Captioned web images
== Segment start ==
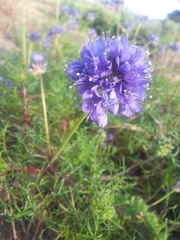 Gilia capitata chamissonis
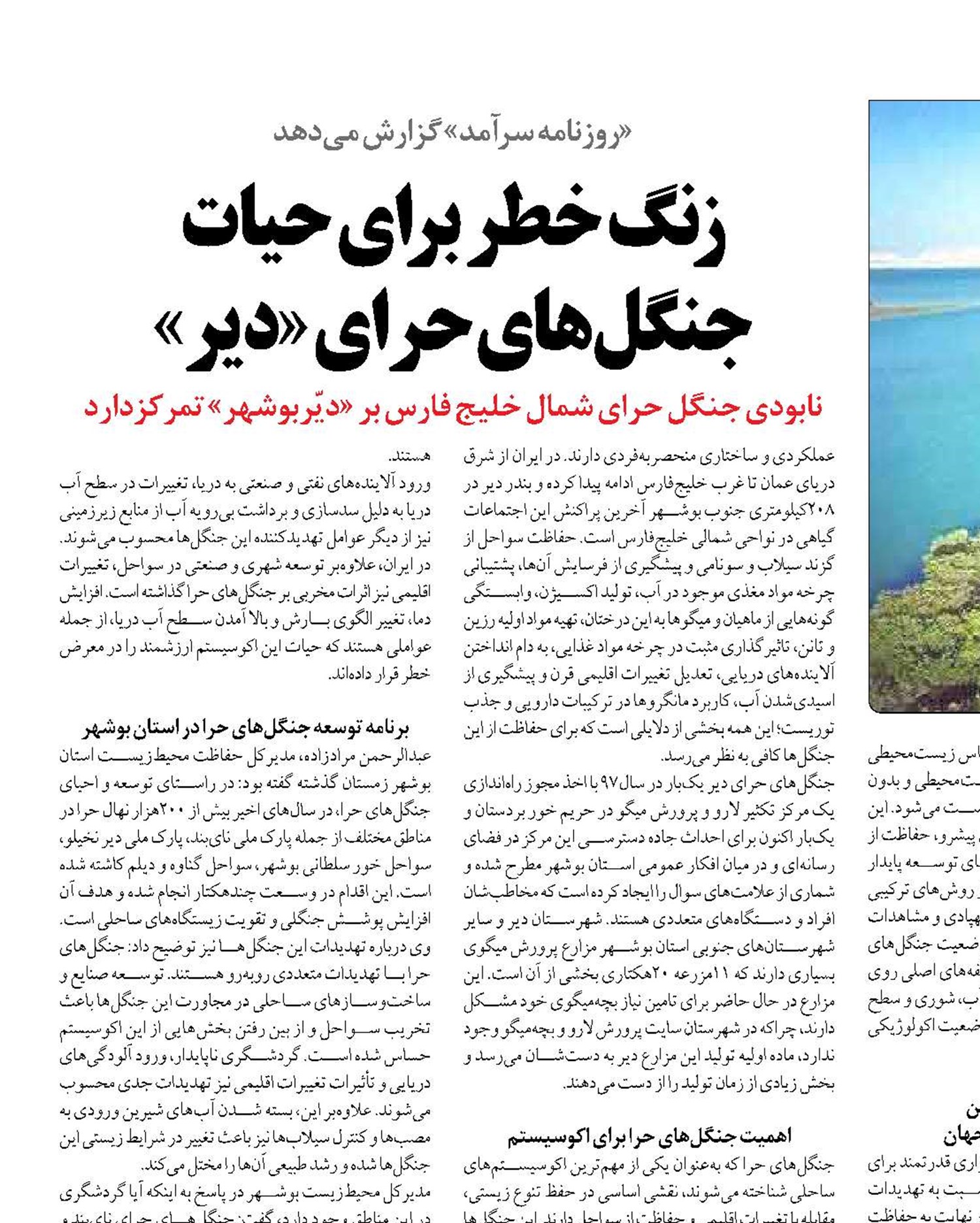 زنگ خطر برای حیات  جنگل‌های حرای «دیر»
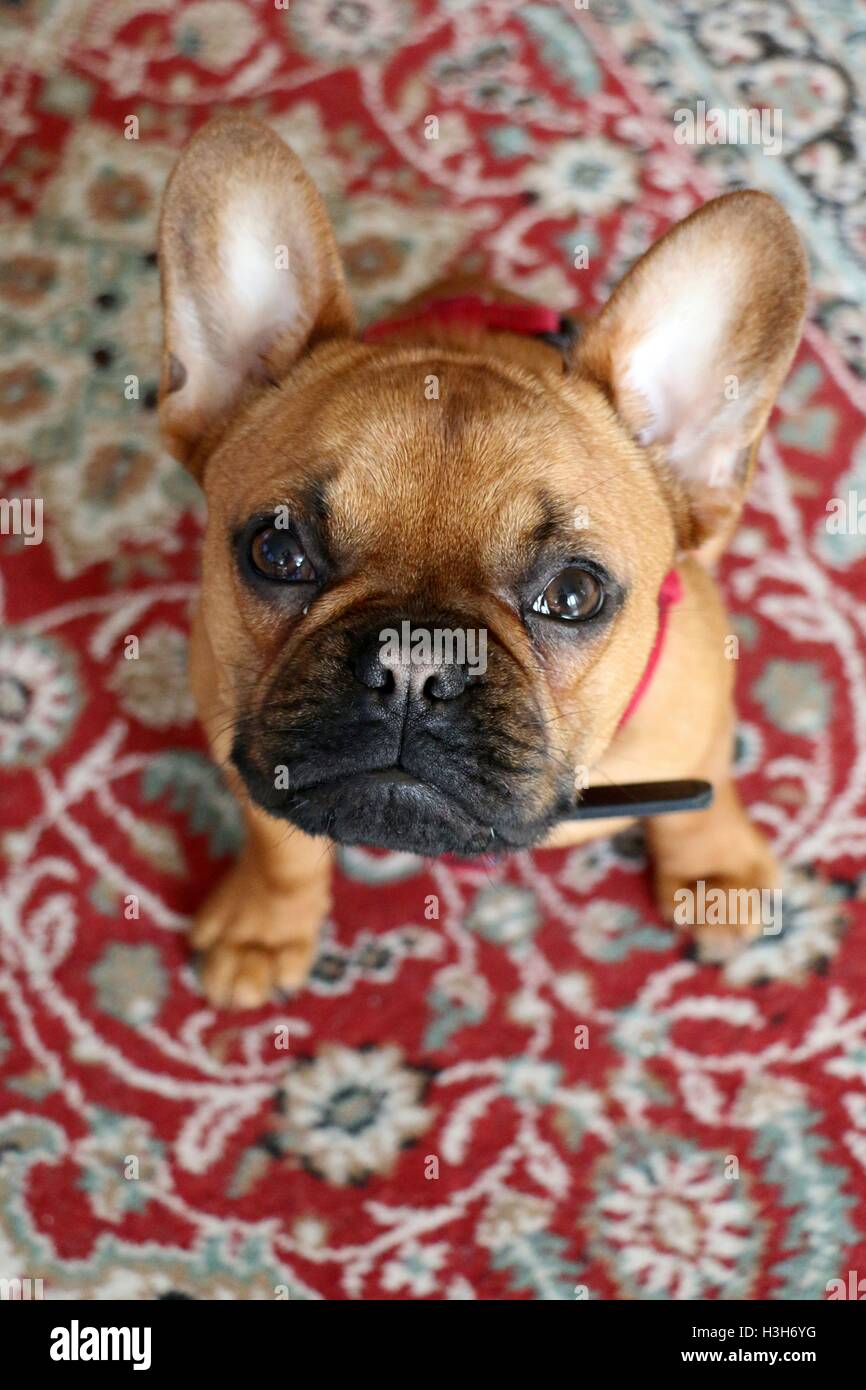 Ein Hund auf der Suche nach oben in die Kamera. Stockfoto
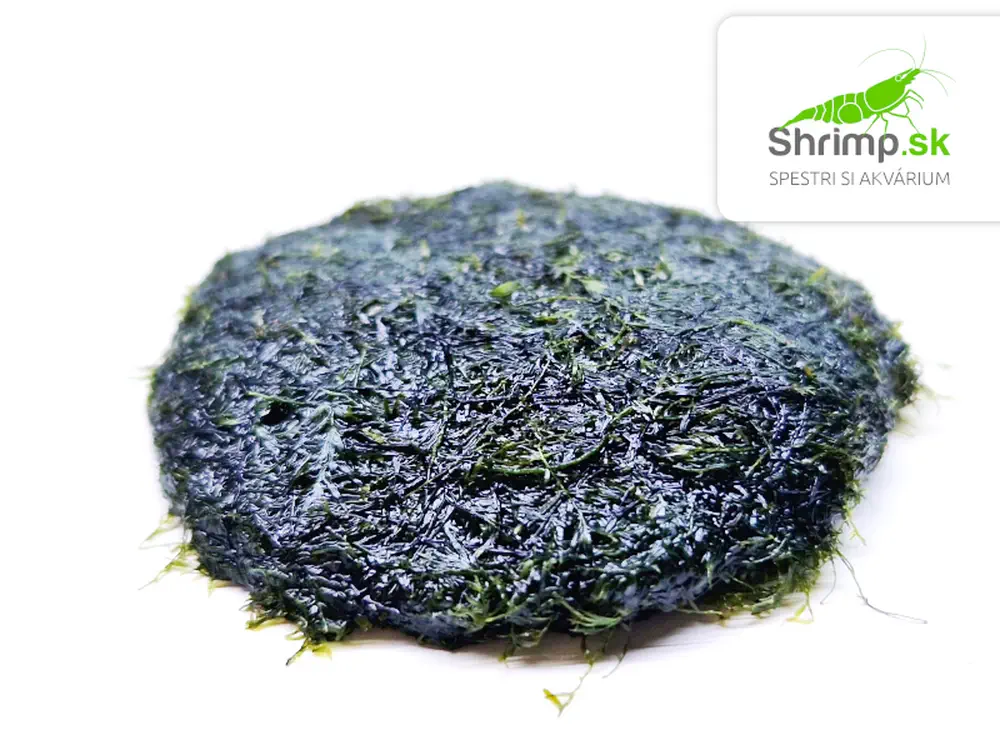 Mach Phoenix moss (Fissidens Fontanus) na kokosovej korunke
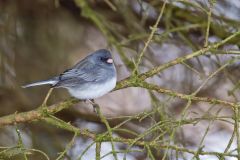 Dark-eyed Junco, Junco hyemalis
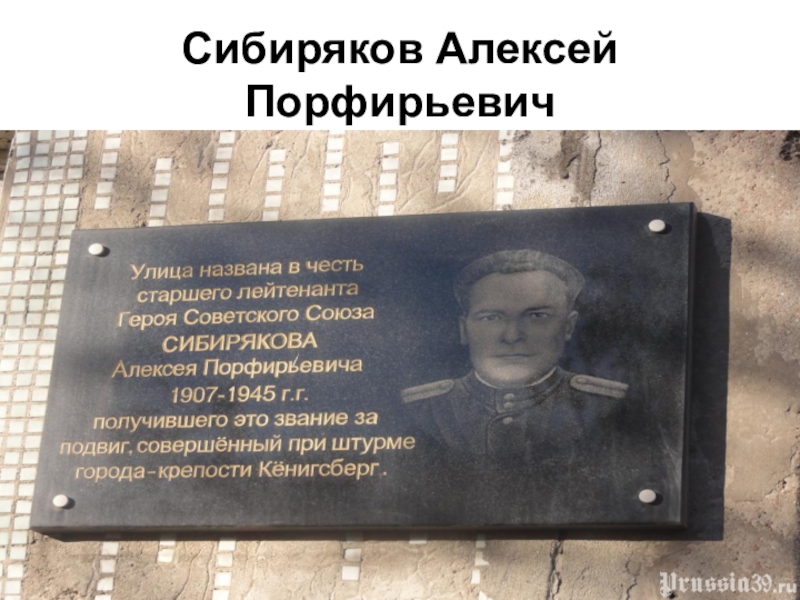 В честь кого назвали воронеж. Сибиряков герой советского Союза.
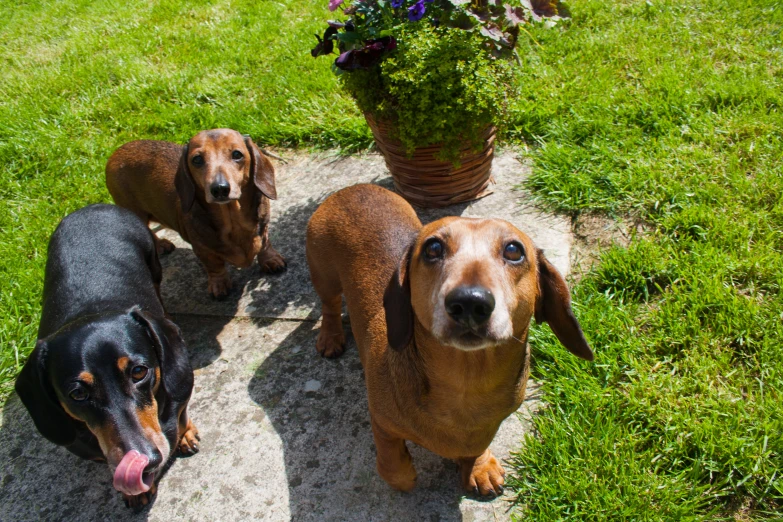 two black brown and white dogs in grass and plant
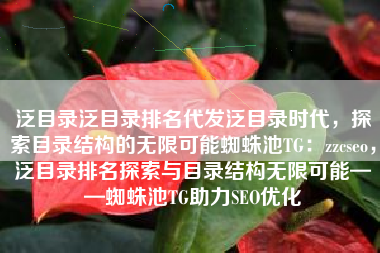 泛目录泛目录排名代发泛目录时代，探索目录结构的无限可能蜘蛛池TG：zzcseo，泛目录排名探索与目录结构无限可能——蜘蛛池TG助力SEO优化
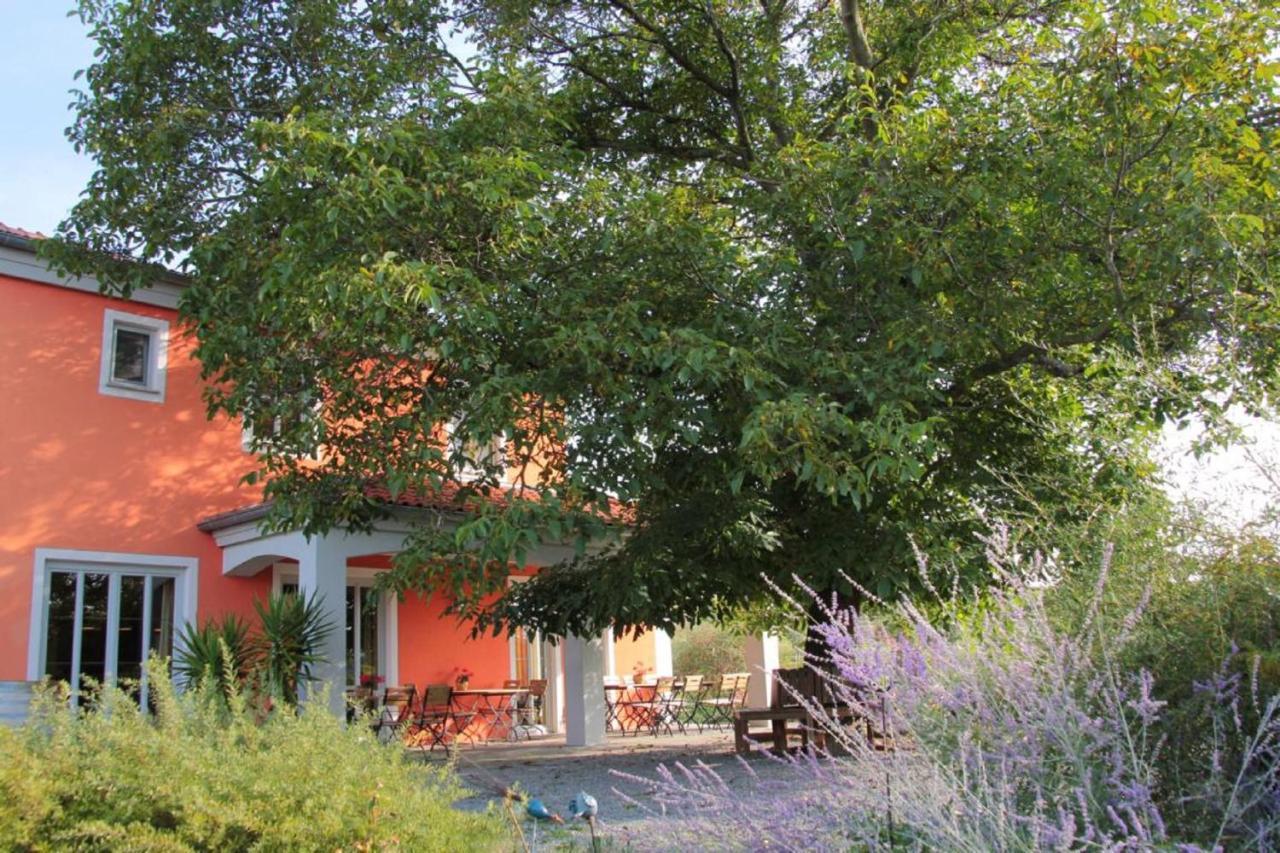 Отель Weinhof Am Nussbaum Willanzheim Экстерьер фото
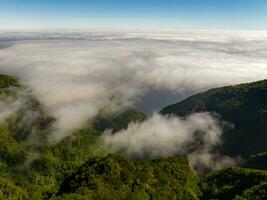 Fanal Forest - Seixal, Portugal photo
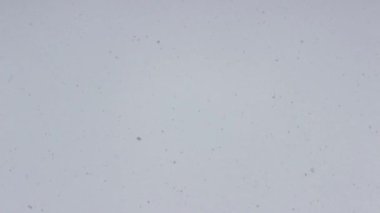 Gri gökyüzüne düşen kar taneleri. Gri gökyüzünde uçuşan kar taneleri. Kar yağışıweather condition.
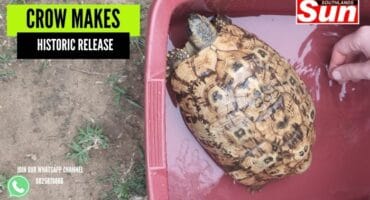 One of the Eastern Hinge tortoises kept by Crow.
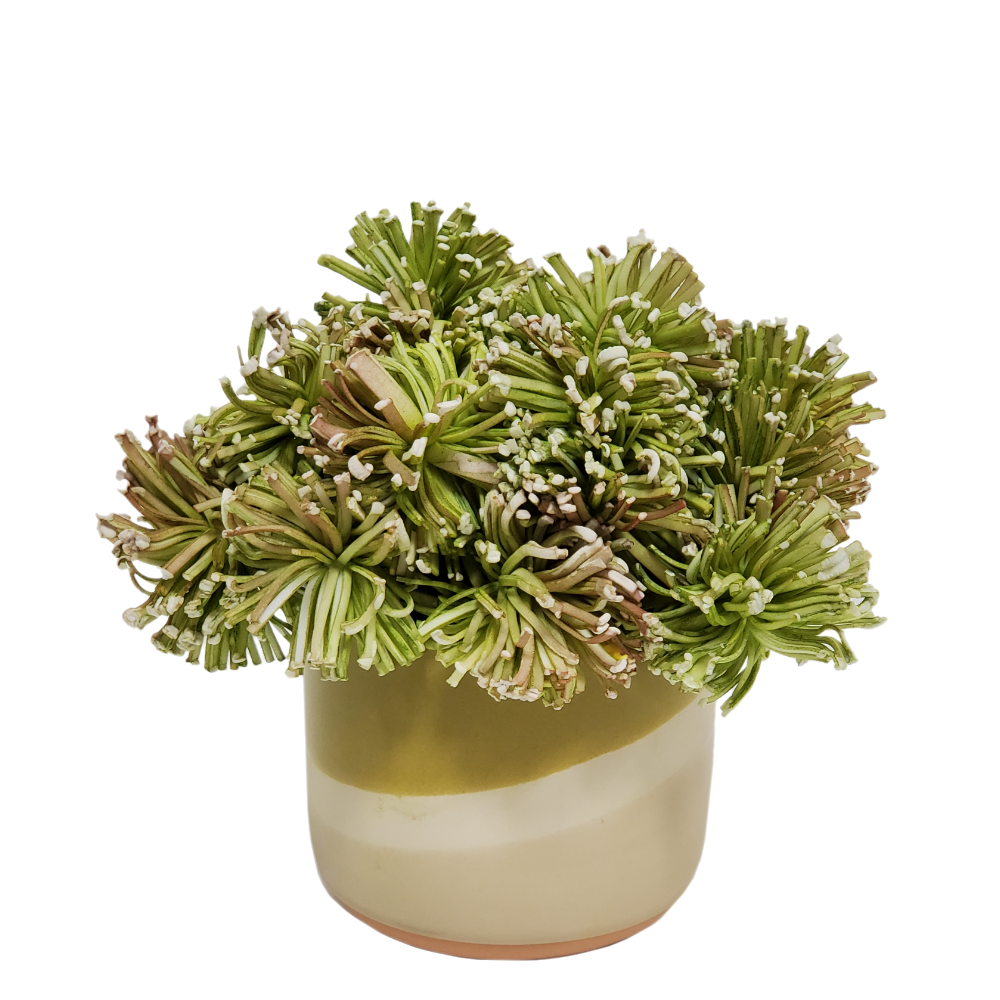 Foam Pom Poms in Ceramic 6" H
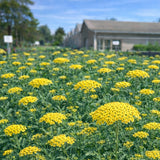 Achillea 'Moonshine' (Yarrow)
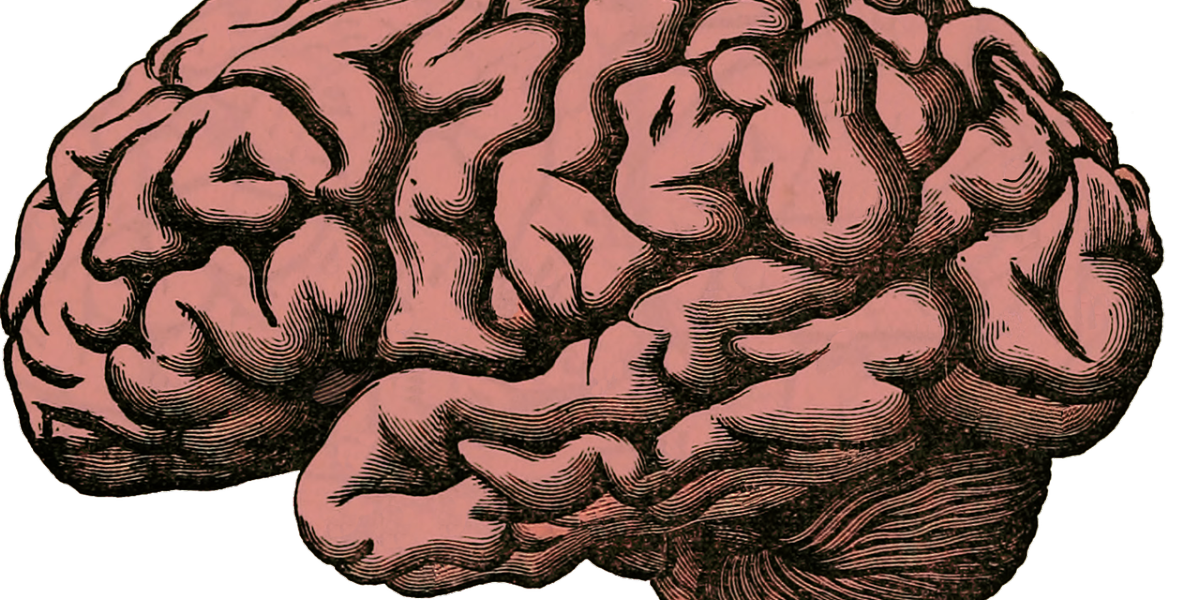 El COVID-19 se asocia con la aceleración de los síntomas del Alzheimer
== Segment end ==
## EXERCISE AIM:
Without the pictures, repeat exactly the lines running from the line containing "Fanal Forest - Seixal, Portugal photo" through the end of the data, both ends included.

## SOLVED PROBLEM:
 Fanal Forest - Seixal, Portugal photo
 Gri gökyüzüne düşen kar taneleri. Gri gökyüzünde uçuşan kar taneleri. Kar yağışıweather condition.
 One of the Eastern Hinge tortoises kept by Crow.
 Foam Pom Poms in Ceramic 6" H
 Achillea 'Moonshine' (Yarrow)
 El COVID-19 se asocia con la aceleración de los síntomas del Alzheimer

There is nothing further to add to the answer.